# [Given data]

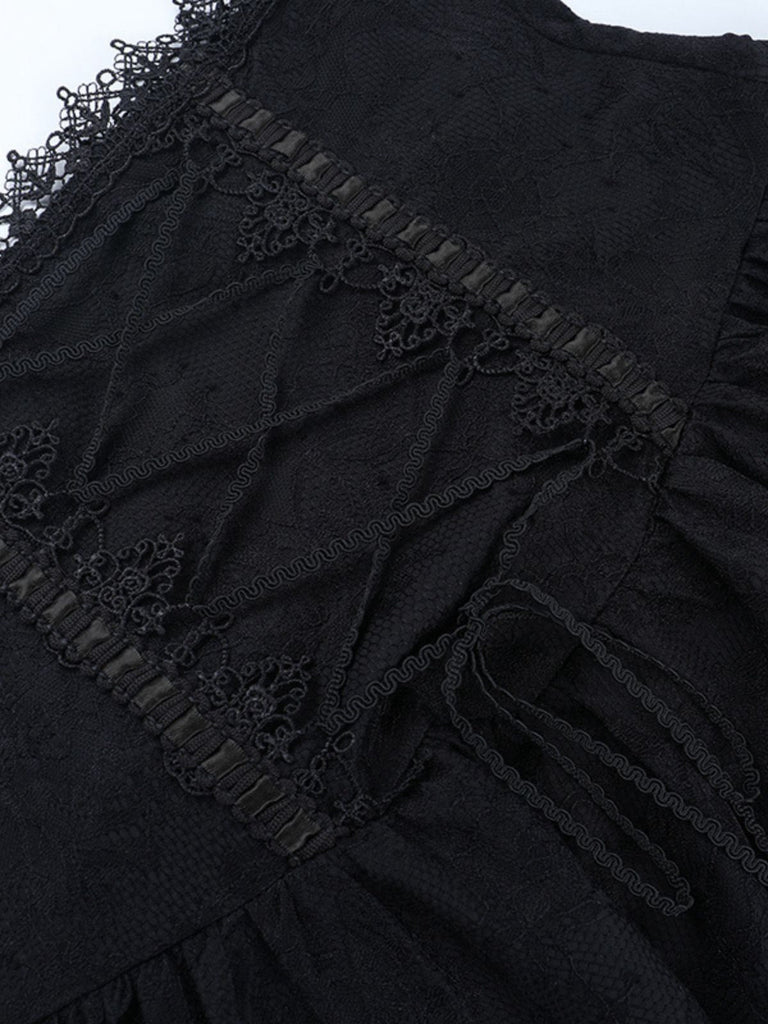Gonna corsetto con lacci in pizzo e patchwork nero anni '70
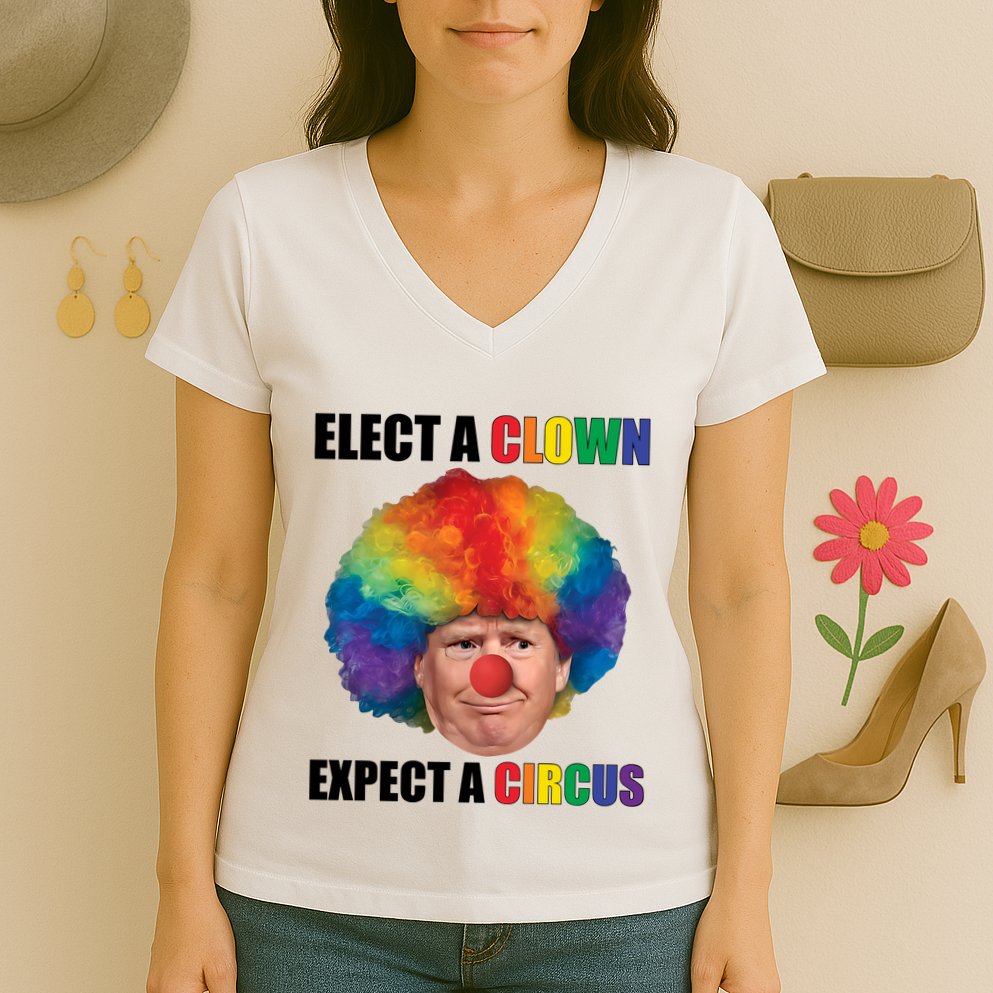 Elect A Clown Expect A Circus Women's V-Neck T-Shirt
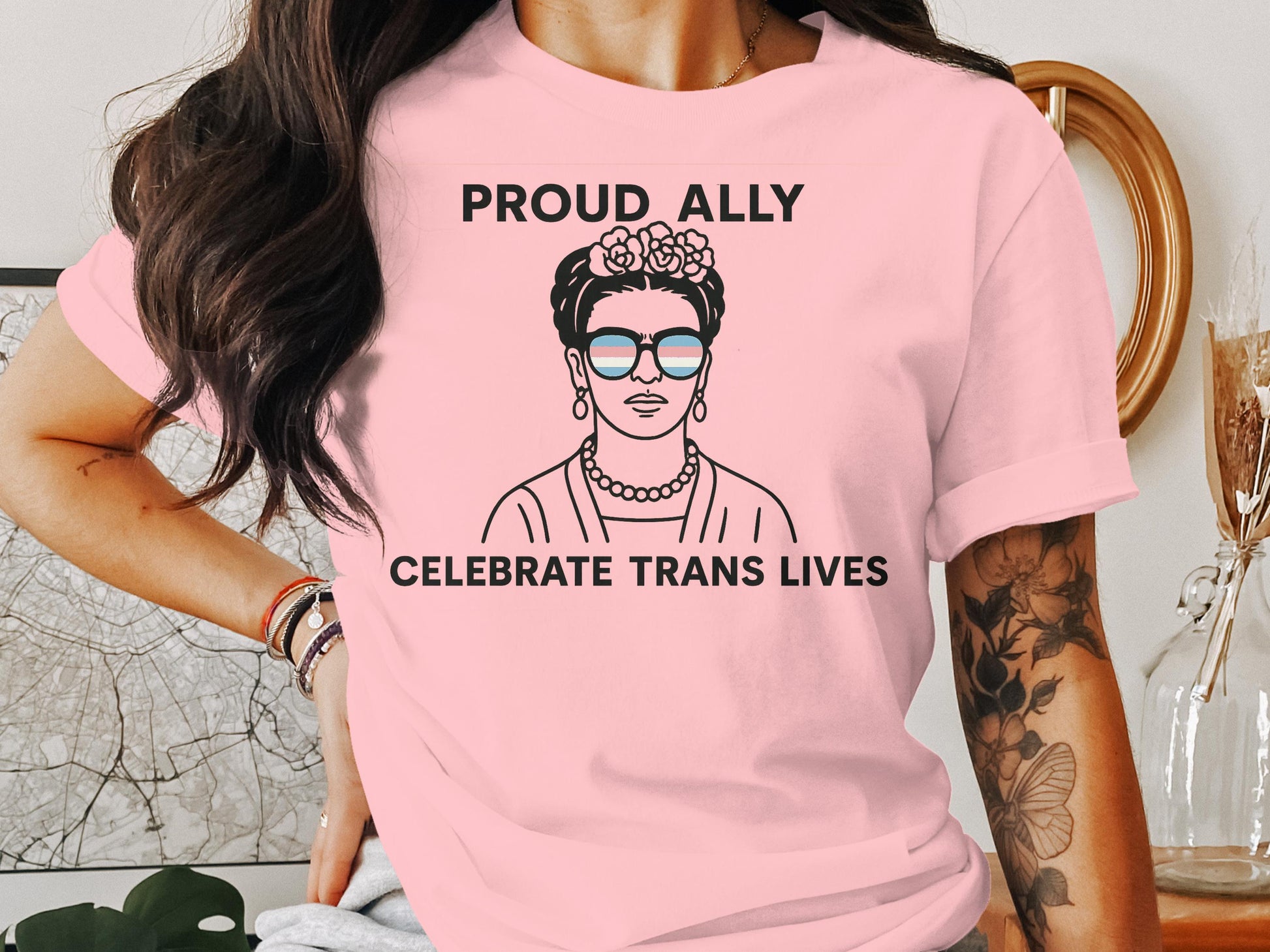 Proud Ally Celebrate Trans Lives Graphic Tee product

# [Brief]
In the copy, include no pictures, but repeat the listing exactly.

# [Response]
Gonna corsetto con lacci in pizzo e patchwork nero anni '70
 Elect A Clown Expect A Circus Women's V-Neck T-Shirt
 Proud Ally Celebrate Trans Lives Graphic Tee product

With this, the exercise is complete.